5月15日には、東京・南青山「ブルーノート 東京」でのライブが控える(写真=事務所提供)
5月15日には、東京・南青山「ブルーノート 東京」でのライブが控える(写真=事務所提供)

 そんな熱心なファンに惜しまれながら、2015年2月、「白夜の誓い/PHOENIX 宝塚!!」東京公演千秋楽をもって、宝塚を退団した。音楽学校時代から合わせると、17年間の宝塚生活だった。

「悔いはなかったですね。まだ早いと言われたりもしましたけど、宝塚歌劇100周年のトップも務めて終えることができました。いろいろな人に祝福され、惜しまれて辞めたいと思っていたので、いいタイミングだったと思います」

 退団後は、舞台やドラマ、映画と幅を広げて活躍している。

 昨年12月に亡くなった神田沙也加さんともミュージカル「1789―バスティーユの恋人たち」で共演した。

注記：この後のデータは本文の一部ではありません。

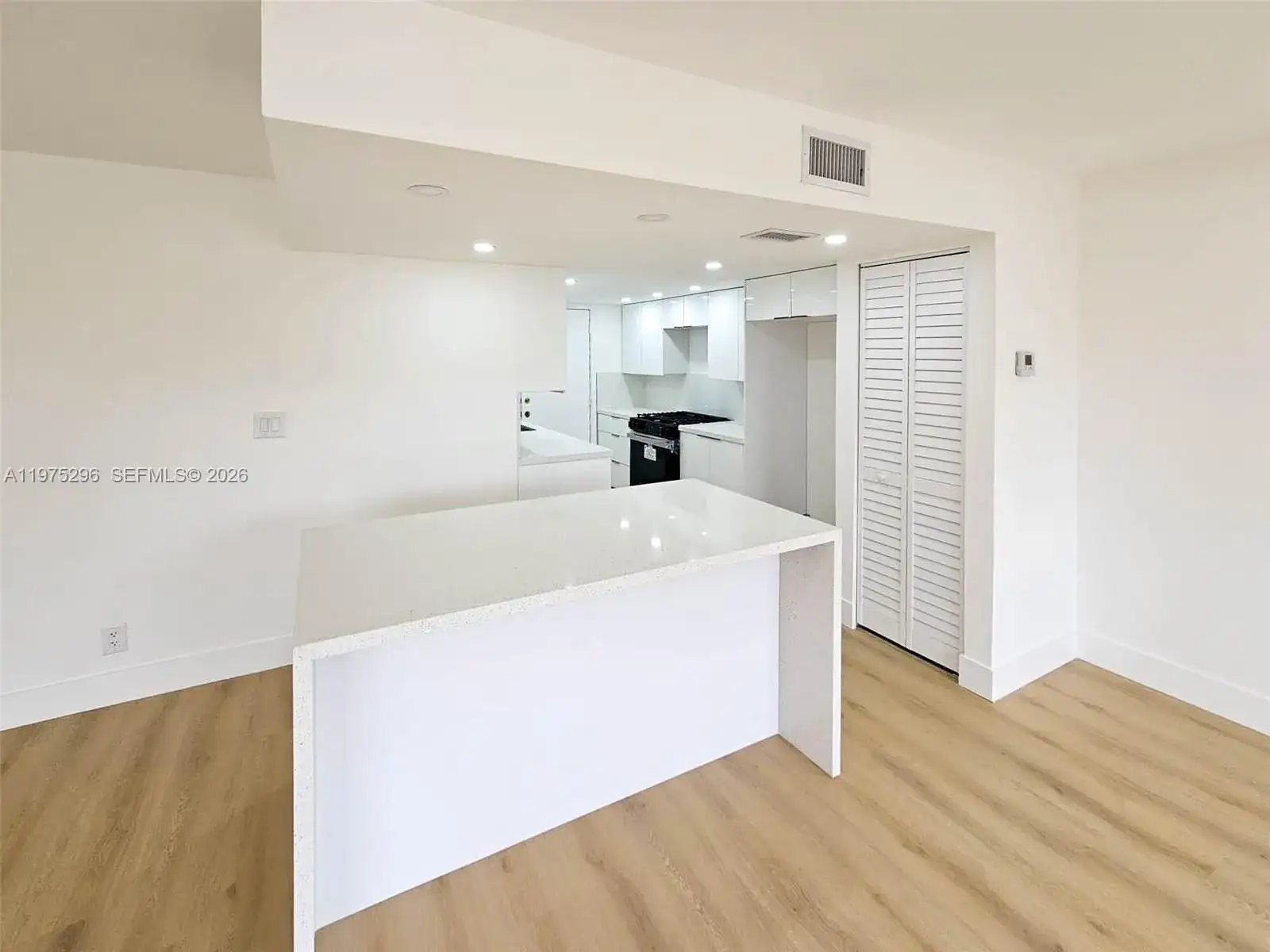 17911 NW 68th Ave # O208, Hialeah FL 33015 photo 5
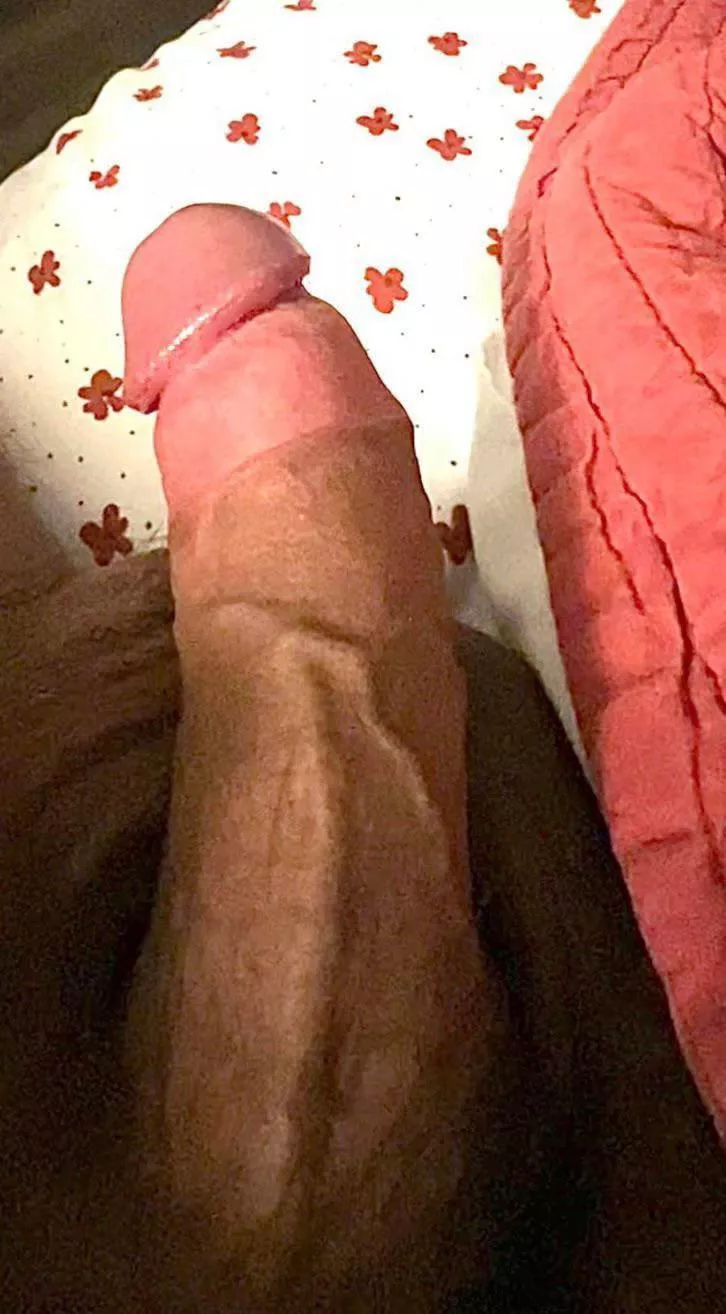 Say ‘yes’ if you’d suck this Asian dad’s cock? [35]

「沙也加さんは、すごく役に没頭する人でした。純粋で一直線に考える人。私に作品の演出に関する感情をぶつけてきたこともあって、共感できるところが多かったですね。舞台が終わってからも、私の舞台を見に来てくれたし、私も沙也加さんの舞台を見に行ったりと、交流がありました。時々はメールもしていましたから、一時は考え込んでしまいましたね」

昨年は米倉涼子主演の人気ドラマ「ドクターX~外科医・大門未知子~」(テレビ朝日系)にも出演した。

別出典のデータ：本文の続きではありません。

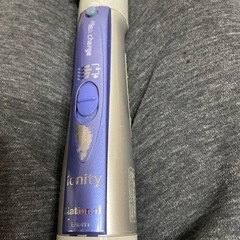 ヘアドライヤー。ナショナル。03年製。長年使いこなしていますので見た感じは綺麗ですが美品とはいえないです。。EH8411。次のドライヤーを購入する迄の間の繋ぎにぜひ如何ですか？の画像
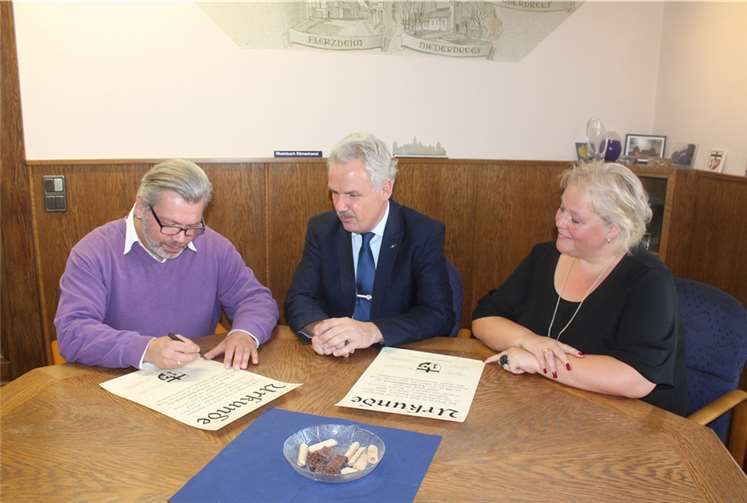 Die Tollitäten Heiko I. und Sandra I. Otten bei der Urkundenunterzeichnung mit Bürgermeister Stefan Raetz.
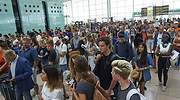 Así se presenta el verano de huelgas en trenes y aeropuertos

「私は大門未知子の大ファンで、全シーズンを録画して、何回も見ているので、どんな手術をしたかも全部覚えています。米倉さんと2人でお芝居するシーンがあったんですけど、とても楽しかったですね」

 最後に、自身の恋愛観についても聞いてみた。多忙な日々のなかで、共演者と恋に落ちたりすることはあるのだろうか。

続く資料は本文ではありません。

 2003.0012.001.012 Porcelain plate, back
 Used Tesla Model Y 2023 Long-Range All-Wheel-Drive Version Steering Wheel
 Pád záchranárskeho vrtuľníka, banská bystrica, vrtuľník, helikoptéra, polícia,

「全くないです。夫婦役や恋人役を演じていても、実際にそういう関係になるのは、私は好きじゃないんです。演者として、その男性だけを見ているようでは芝居は伝わらないですし、どこかで冷静でなければいけないと思っています。もうすぐ40歳になりますけど、だから、いまだに独身なんでしょうね。事務所の社長からも、ファンの方からも心配されています(笑)。結婚は、良いご縁があったらとしたいと思いますけどね。気遣いのできる人がいいです。私は舞台で演じているときは周りが見えないくらい没頭してしまうので、それを理解してくれる人がいいですね」

 元宝塚トップスターだけが持つカリスマ性を武器に、より多くの人を魅了する役者になっていきそうだ。(AERA dot.編集部・上田耕司)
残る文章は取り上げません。